[Issue]: 'key "cond_stage_model.logit_scale" not found in TensorDict with keys' error after trying to merge a merged model

Xeltosh commented 10 months ago

Issue Description

I did some merging of some of my models i use and when trying to merge one of my already merged models, the UI gives me the in the topic mentioned error with an extremely long text (on the right side, which is only readable if copied and pasted in a separate file). The "bad" part is, in the console is no error visible. for the console, the merging just gets interrupted and stopped.

merging setup:

happened in weighted_sum and sum_twice

weightsclip enabled ReBasin enabled with standard seting of 5

I will post the rest of the error in the UI after i get home, because i need to do some formating, so it is readable (it's all written in one line)

My suspicion is, that there is some kind of minor error in one of the models i use, which only appears after merging, but i don't know how to fix this or find this error. Could it be an Error because of my "low" RAM? I will also trying to do the merge on my AMD system later which has more RAM.

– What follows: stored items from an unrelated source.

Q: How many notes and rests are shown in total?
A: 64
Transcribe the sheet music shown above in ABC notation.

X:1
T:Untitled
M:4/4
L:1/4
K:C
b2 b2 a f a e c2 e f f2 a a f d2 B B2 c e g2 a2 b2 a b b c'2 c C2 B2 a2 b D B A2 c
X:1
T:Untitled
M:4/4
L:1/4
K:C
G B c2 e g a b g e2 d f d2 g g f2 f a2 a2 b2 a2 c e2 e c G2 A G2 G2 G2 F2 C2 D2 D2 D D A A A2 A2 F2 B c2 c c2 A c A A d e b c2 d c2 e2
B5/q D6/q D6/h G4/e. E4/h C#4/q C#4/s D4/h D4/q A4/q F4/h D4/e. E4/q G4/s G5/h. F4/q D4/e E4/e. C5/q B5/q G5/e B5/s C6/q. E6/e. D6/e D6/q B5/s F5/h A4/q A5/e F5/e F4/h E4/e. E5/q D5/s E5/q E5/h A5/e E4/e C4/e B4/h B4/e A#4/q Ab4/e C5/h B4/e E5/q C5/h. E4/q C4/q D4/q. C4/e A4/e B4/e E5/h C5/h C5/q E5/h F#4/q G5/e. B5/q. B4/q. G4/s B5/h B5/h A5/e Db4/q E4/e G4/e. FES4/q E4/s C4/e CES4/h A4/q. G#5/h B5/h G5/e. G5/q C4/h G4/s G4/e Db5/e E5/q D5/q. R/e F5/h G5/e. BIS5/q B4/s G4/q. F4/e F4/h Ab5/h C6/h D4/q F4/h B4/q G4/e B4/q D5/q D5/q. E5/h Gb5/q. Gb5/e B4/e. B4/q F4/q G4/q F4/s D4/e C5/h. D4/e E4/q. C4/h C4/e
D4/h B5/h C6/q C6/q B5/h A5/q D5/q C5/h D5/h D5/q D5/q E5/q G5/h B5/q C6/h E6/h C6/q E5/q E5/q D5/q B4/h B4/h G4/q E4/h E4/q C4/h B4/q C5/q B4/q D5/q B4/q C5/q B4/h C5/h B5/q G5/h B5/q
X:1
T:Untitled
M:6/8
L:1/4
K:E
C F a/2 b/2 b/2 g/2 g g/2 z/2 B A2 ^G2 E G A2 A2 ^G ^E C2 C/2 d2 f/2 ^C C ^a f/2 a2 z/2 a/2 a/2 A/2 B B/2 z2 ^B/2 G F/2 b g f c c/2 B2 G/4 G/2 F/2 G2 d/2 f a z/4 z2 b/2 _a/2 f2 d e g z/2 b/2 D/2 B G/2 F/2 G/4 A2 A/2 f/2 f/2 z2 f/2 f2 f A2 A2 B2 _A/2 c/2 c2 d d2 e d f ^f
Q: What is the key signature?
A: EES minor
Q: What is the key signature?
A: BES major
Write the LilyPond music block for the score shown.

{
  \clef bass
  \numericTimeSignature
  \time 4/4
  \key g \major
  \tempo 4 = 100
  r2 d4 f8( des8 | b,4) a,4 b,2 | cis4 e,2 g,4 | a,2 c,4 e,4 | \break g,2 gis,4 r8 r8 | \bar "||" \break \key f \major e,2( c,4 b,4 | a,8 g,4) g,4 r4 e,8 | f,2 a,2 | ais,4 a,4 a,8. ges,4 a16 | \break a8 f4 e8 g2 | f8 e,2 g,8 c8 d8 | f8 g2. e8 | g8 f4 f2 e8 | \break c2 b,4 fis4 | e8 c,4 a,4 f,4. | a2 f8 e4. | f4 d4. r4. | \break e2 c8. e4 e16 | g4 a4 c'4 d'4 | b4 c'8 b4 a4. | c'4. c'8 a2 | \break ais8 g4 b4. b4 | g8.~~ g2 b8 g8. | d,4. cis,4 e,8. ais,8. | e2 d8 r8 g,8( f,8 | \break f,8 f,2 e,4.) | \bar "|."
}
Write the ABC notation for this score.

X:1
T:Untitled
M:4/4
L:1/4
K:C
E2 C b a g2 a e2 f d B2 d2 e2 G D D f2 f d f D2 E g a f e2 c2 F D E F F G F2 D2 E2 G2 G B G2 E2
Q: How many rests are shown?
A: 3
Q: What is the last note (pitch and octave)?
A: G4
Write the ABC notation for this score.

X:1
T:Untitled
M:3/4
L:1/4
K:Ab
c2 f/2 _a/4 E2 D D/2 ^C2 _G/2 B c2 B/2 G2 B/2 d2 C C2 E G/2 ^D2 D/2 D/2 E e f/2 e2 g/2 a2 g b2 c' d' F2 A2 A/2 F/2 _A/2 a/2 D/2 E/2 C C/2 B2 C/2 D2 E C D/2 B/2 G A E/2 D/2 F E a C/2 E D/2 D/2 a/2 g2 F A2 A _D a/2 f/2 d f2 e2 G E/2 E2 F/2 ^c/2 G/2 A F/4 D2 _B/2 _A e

I can provide the model informations if needed, though one is a sfw and nsfw model a friend of mine trained. The other one is on Civit.AI

Version Platform Description

WIndows 10 GTX3050 16GB DDR-4 RAM SD.Next is run via StabilityMatrix

Relevant log output

No response

Backend

Original

Branch

Master

Model

SD 1.5

Acknowledgements

[X] I have read the above and searched for existing issues
[X] I confirm that this is classified correctly and its not an extension issue

Xeltosh commented 10 months ago

here the promised additional data. Tested merging it on AMD with 32GB of RAM, same error.

command line: grafik

and here the error, the UI gives in one line on the right side of it: error message.txt

AI-Casanova commented 10 months ago

I'll take a look through the pruning logic. Keys that are in one model only should be pruned before merging and returned intact after.

Xeltosh commented 9 months ago

Update: after testing around to pinpoint the error i also tried pruning the ingredients. pruned 2 of the 3 models and after that i could make my planned merge. Ok, i thought, you found the error but trying another different recipe after that still produced the error.

i am doing a sum_twice and i want to merge the result of that with another model.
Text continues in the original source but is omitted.